Taken together, these results suggested that E2F4as may play an important role in the development of ovarian cancer. However, the relatively small clinical sample size was a limitation of this study and may have reduced the power of clinical analysis. Another limitation is that only subcutaneous xenograft models had been used to investigate cancer cell behaviour in vivo. Cancer cells implanted subcutaneously allow rapid and quantitative tumour formation, making them more suitable for use in studies involving continuous measurement of tumours. In contrast, with intraperitoneal and orthotopic xenograft models it is inherently difficult to quantitatively monitor tumour growth, but these models can reveal a more relevant tumour microenvironment.

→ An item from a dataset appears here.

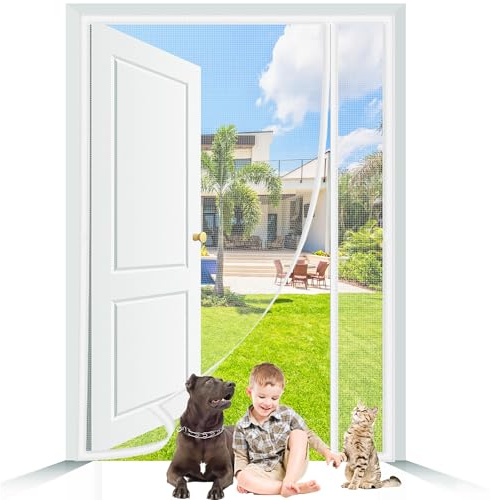 Apertura Laterale Zanzariera Magnetica 100x215cm Bianco Anti Zanzare Calamite Tenda Adsorbimento Magnetico Impedendo Agli Insetti Di Entrare per balcone Porte D’Ingresso Porte Cortili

Many researchers have persevered to detect ovarian cancer early, but details of markers are not available in literature. The low sensitivity of CA125 as a serum marker to detect early ovarian cancer and monitor the patient’s clinical progression remains the biggest obstacle to improving patient outcomes. For the first time, we demonstrated the usefulness of E2F4as as a less invasive prognostic marker using serum samples collected from ovarian cancer patients. The findings emphasize the clinical importance of E2F4as in early diagnosis and prognosis prediction using the serum of ovarian cancer patients, and suggest the potential of promoting tumour aggression by the regulation of EMT-related mechanisms. This potentially yields a less invasive and inexpensive diagnostic test that can be used in combination with other outcome factors to improve patient outcomes and provide optimal treatment. Therefore, lncRNA E2F4as was related to the abnormal proliferation and migration of ovarian cancer, indicating that lncRNA E2F4as might be a promising target in treating ovarian cancer.